We had the good fortune of connecting with Elycia Cook and we’ve shared our conversation below.

Hi Elycia, is there something you can share with us that those outside of the industry might not be aware of?
I work in the field of positive youth development, specifically youth mentoring. Positive youth development is an intentional, pro-social approach that engages youth within their communities, schools, organizations, peer groups, and families in a manner that is productive and constructive; recognizes, utilizes, and enhances youths’ strengths; and promotes positive outcomes for young people by focuses on their strengths, using a growth mindset approach to supporting young people and seeing them as assets to our communities as opposed to deficits. At FRIENDS FIRST our positive youth development approach is peer mentoring. When most people think of youth mentoring, they think of adult to child and 1 on 1. They also think of an older person telling a younger person what to do or what is best for them. What most people do not know is that this approach to mentoring leaves 1 in 3 children without a mentor and of the current formal mentor matches between adults and youth, 73% of the mentors do not look like the mentees or come from their communities.  In addition,  recruiting quality adult mentors is becoming more and more difficult each day.

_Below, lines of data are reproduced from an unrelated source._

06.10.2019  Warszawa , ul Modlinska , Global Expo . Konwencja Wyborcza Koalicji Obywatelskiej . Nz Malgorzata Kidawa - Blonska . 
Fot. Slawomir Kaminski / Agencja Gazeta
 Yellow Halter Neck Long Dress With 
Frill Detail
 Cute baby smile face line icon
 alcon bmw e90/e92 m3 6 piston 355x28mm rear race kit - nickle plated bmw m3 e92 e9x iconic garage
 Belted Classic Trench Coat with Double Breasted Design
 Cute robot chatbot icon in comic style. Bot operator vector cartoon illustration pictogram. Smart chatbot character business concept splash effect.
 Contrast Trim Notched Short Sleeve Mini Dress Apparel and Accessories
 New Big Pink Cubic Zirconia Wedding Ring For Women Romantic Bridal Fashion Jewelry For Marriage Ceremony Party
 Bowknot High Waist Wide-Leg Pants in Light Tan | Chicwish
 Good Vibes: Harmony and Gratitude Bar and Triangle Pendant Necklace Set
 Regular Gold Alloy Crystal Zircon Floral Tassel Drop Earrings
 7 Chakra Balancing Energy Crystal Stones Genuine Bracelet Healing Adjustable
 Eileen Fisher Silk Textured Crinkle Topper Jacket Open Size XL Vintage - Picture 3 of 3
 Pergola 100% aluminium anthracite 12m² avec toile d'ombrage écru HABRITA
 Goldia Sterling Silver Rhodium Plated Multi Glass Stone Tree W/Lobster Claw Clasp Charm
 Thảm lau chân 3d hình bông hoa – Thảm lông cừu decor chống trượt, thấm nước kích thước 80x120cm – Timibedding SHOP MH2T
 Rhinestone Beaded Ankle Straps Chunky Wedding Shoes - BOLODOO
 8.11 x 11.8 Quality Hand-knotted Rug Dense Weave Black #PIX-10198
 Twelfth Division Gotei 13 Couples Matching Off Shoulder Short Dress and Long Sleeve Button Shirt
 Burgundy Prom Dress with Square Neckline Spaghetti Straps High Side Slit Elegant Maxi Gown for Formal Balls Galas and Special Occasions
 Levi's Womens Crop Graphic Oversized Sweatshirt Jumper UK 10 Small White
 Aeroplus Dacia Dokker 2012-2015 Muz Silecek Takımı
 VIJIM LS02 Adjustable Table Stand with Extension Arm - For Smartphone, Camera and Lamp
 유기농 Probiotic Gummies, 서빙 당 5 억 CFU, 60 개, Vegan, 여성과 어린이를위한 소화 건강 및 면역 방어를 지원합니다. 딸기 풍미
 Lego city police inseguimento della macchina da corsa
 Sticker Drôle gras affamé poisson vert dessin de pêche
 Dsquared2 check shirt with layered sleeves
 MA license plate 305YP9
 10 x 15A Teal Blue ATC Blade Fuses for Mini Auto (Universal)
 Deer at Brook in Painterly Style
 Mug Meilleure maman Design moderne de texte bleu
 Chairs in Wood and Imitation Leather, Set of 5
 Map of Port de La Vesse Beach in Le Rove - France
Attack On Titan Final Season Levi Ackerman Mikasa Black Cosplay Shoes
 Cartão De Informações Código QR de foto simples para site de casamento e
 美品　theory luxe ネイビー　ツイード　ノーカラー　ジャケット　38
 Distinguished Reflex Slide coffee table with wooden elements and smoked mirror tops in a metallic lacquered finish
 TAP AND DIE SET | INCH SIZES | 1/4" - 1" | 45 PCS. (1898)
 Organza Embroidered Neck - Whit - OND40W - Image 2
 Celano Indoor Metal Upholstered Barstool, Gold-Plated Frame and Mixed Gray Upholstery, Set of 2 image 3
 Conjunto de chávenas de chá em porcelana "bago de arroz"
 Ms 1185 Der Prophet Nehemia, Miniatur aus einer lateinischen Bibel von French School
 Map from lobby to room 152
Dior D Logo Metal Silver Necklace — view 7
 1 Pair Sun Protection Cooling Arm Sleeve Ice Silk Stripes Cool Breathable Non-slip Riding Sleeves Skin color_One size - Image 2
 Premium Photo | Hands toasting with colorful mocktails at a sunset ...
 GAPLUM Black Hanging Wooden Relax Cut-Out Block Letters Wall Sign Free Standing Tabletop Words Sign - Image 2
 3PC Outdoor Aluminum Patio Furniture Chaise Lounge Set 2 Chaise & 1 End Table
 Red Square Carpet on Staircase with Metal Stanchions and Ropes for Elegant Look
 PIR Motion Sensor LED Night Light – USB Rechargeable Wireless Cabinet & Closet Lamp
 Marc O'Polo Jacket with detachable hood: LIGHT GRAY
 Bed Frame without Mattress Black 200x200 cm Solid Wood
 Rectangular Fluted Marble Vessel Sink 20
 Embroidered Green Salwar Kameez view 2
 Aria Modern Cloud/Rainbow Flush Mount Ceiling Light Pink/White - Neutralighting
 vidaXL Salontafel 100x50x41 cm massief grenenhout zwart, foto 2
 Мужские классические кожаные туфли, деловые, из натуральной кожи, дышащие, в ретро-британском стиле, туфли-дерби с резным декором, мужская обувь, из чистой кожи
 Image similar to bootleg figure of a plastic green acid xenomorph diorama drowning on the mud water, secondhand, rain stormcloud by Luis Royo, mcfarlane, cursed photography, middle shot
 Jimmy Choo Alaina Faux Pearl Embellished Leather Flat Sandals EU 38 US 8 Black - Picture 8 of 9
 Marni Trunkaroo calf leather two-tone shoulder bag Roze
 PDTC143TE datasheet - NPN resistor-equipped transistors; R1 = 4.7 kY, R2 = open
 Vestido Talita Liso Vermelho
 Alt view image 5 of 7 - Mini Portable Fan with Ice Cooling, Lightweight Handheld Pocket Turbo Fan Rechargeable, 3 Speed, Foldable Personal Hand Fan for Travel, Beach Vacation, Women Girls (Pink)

Just to let you know, in reference to the almost 73% of mentors do not look like the students they serve, that does not mean that a middle class, white person cannot have positive outcomes and meaningful experiences, as a mentor to a person of color from different communities.  However, that does not negate the fact that all people, especially young people need to see role models, mentors, teachers and leaders who look like them.  This allows them to more easily envision themselves in roles of leadership and success.  There is much data on positive outcomes for youth who have teachers/mentors who look like them.  For people of color,  just having a doctor of the same ethnicity, increases our chances for healthy outcomes and survival.  With all that being said, a viable option to identifying more mentors especially mentors of color, and from within the community to help solve “the mentoring crisis”, is peer mentoring programs.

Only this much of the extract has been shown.